VALE A DIRE, stando a quanto ci racconta Laura Spinney (L’influenza spagnola. La pandemia che cambiò il mondo, Marsilio editore) la più grande ondata di morte dai tempi della peste nera, a metà del Trecento. Superiore alla Grande Guerra (17 milioni di morti) e alla Seconda guerra mondiale (60 milioni di morti). Difficile stabilire con certezza il bilancio complessivo finale. Le cifre sono agghiaccianti: si parla, per difetto, di 50 milioni di vittime; per eccesso di 100 e passa milioni. Il che vuol dire dal 2,5 al 5 per cento della popolazione mondiale. Uomini illustri, scrittori di grande fama entrano nel mirino del killer.

L’8 NOVEMBRE 1918 lo scrittore svizzero naturalizzato francese Blaise Cendrars (1887-1961) si presenta in boulevard Saint-Germain 202. Il portinaio lo ferma: «Monsieur, il signore e la signora Apollinaire sono malati». Blaise sale le scale di corsa. Bussa con forza alla porta. Qualcuno lo fa entrare. La scena è raccapricciante: «Apollinaire era sdraiato a letto. Ed era tutto nero». Il poeta muore il giorno dopo. I funerali si celebrano il 13 novembre. Due giorni prima viene firmato l’armistizio. Ma le esequie non sono facili: c’è troppa confusione nel cimitero di Père-Lachaise. La gente esulta. Si abbraccia. Si mescola. Si bacia. Festeggia la fine di quello che il Papa definisce «l’inutile massacro», la Prima guerra mondiale. Tutto si mischia. La spagnola ha vita facile. Contagia. Ammazza. Uccide popoli in festa per la conclusione del conflitto che chiude davvero il XIX secolo e apre il ’900, “il secolo breve”.
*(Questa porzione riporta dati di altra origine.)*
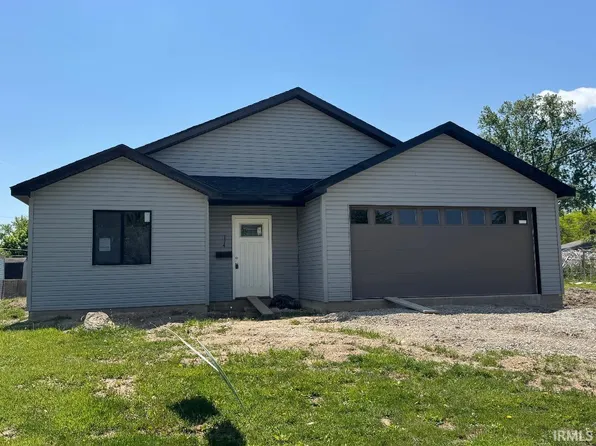 114 E Crown Ln, Fort Wayne, IN 46816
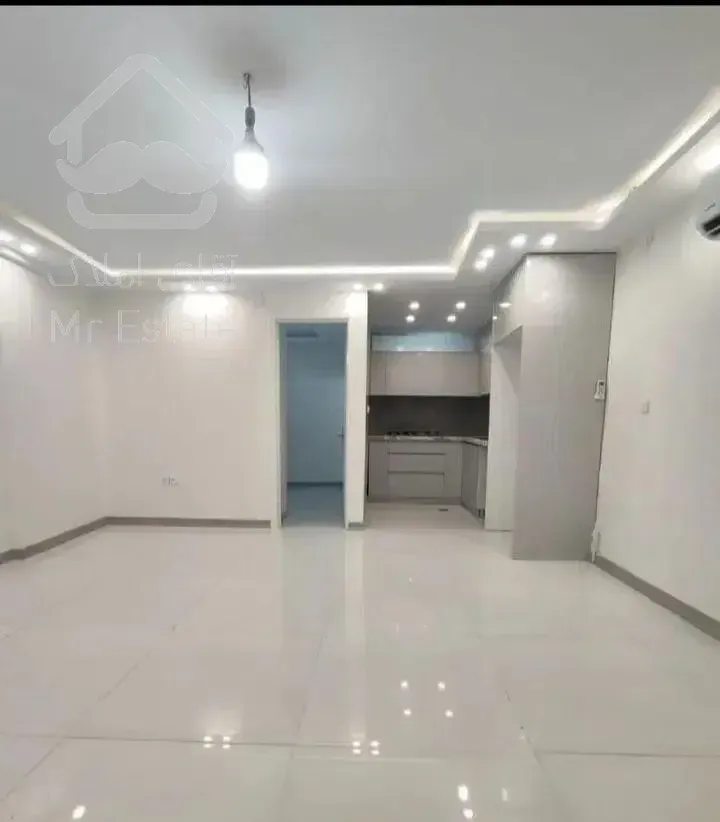 ۳۹ متری مدرن مینیمال/ پارکینگ/ انباری/ بالکن/تخلیه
MA PERCHÉ “spagnola”? La spiegazione è politica. Madrid non partecipa alla Grande Guerra. Quindi la censura ha maglie larghe. Al contrario di quanto accade nei Paesi belligeranti che non possono certo ammettere, di fronte all’opinione pubblica, che il nemico non è solo il piombo dei cannoni e delle ami, ma anche un maledetto batterio. Quindi, tutti dicono che il Male viene dalla Spagna. È una strage con conseguenze apocalittiche. Chi guarisce deve sopportare anni di depressione. Ne sa qualcosa Katherine Anne Porter, la più importante scrittrice texana, nata nel 1890 e morta, novantenne, nel 1980, amica di Diego Rivera, in prima fila nel sostegno alla rivoluzione messicana, che difende Sacco e Vanzetti, che si ammala. Perde tutti i capelli. Poi le ricrescono. Bianchi come il latte. Ne sa qualcosa di questa “spagnola” anche D.H. Lawrence. L’autore dell’Amante di lady Chatterley, manifesto della letteratura erotica, contrae il morbo. Guarisce. A caro prezzo. I disturbi su cuore e polmoni si fanno sentire per tutto il resto della vita.

LA VERA protagonista nella lotta contro la spagnola è la donna. Forte, tenace, anello di collegamento tra “personale” e “collettivo”: cura i malati, compone le salme, si occupa degli orfani. E riporta alla vita. A Rio de Janeiro, dopo la fine della pandemia, dilaga un’allegria di sesso sfrenato e gioioso che porta a un baby boom. Nascono tantissimi bambini.
Restano i ricordi del Male. Che assumono le fattezze di un romanzo d’appendice. Scrive una sopravvissuta: «Il corpo cominciò a decomporsi molto in fretta e il petto si sollevò letteralmente tanto che fummo costretti a premere sul mio povero fratello due volte e contemporaneamente a chiudere il coperchio della bara». Autopsie spaventose: i patologi trovano i polmoni rossi e gonfi, congestionati di sangue emorragico e ricoperti di una patina rosa e acquosa. Le vittime dell’influenza muoiono soffocate dai loro stessi fluidi.
Per chi sopravvive c’è la depressione. Ma, in molti casi, anche la gloria. Ataturk fonda la Turchia moderna, quella che Erdogan, ai giorni nostri, sta distruggendo. Virginia Woolf scrive La signora Dalloway (1923). James Joyce l’Ulisse (1922). Il tutto mentre Munch dipinge l’Urlo.